[Python-Dev] Unicode debate

Paul Prescod paul@prescod.net
Thu, 27 Apr 2000 21:20:22 -0500


Guido van Rossum wrote:
> 
> ...
>
> I've heard a few people claim that strings should always be considered
> to contain "characters" and that there should be one character per
> string element.  I've also heard a clamoring that there should only be
> one string type.  You folks have never used Asian encodings.  In
> countries like Japan, China and Korea, encodings are a fact of life,
> and the most popular encodings are ASCII supersets that use a variable
> number of bytes per character, just like UTF-8.  Each country or
> language uses different encodings, even though their characters look
> mostly the same to western eyes.  UTF-8 and Unicode is having a hard
> time getting adopted in these countries because most software that
> people use deals only with the local encodings.  (Sounds familiar?)

I think that maybe an important point is getting lost here. I could be
wrong, but it seems that all of this emphasis on encodings is misplaced.

The physical and logical makeup of character strings are entirely
separate issues. Unicode is a character set. It works in the logical
domain.

Dozens of different physical encodings can be used for Unicode
characters. There are XML users who work with XML (and thus Unicode)
every day and never see UTF-8, UTF-16 or any other Unicode-consortium
"sponsored" encoding. If you invent an encoding tomorrow, it can still
be XML-compatible. There are many encodings older than Unicode that are
XML (and Unicode) compatible.

I have not heard complaints about the XML way of looking at the world
and in fact it was explicitly endorsed by many of the world's leading
experts on internationalization. I haven't followed the Java situation
as closely but I have also not heard screams about its support for il8n. 

> The truth of the matter is: the encoding of string objects is in the
> mind of the programmer.  When I read a GIF file into a string object,
> the encoding is "binary goop".  

IMHO, it's a mistake of history that you would even think it makes sense
to read a GIF file into a "string" object and we should be trying to
erase that mistake, as quickly as possible (which is admittedly not very
quickly) not building more and more infrastructure around it. How can we
make the transition to a "binary goops are not strings" world easiest?

> The moral of all this?  8-bit strings are not going away.  

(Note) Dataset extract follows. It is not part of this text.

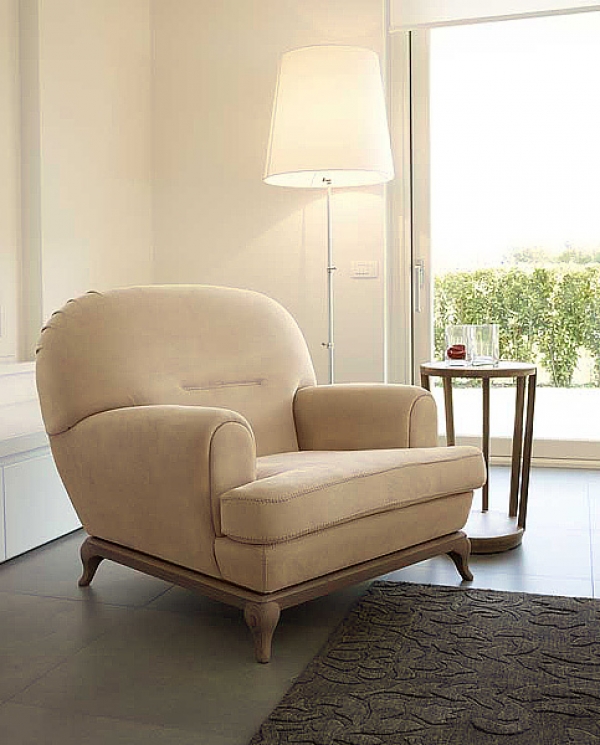 Модел Massenet. Производител Volpi, Италия. Луксозна италианска мека мебел. Модерни италиански дивани и кресла с тапицерия от ко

If that is a statement of your long term vision, then I think that it is
very unfortunate. Treating string literals as if they were isomorphic
with byte arrays was probably the right thing in 1991 but it won't be in
2005.

It doesn't meet the definition of string used in the Unicode spec., nor
in XML, nor in Java, nor at the W3C nor in most other up and coming
specifications.

From the W3C site:

""While ISO-2022-JP is not sufficient for every ISO10646 document, it is
the case that ISO10646 is a sufficient document character set for any
entity encoded with ISO-2022-JP.""

http://www.w3.org/MarkUp/html-spec/charset-harmful.html

-- 
 Paul Prescod  - ISOGEN Consulting Engineer speaking for himself
It's difficult to extract sense from strings, but they're the only
communication coin we can count on. 
	- http://www.cs.yale.edu/~perlis-alan/quotes.html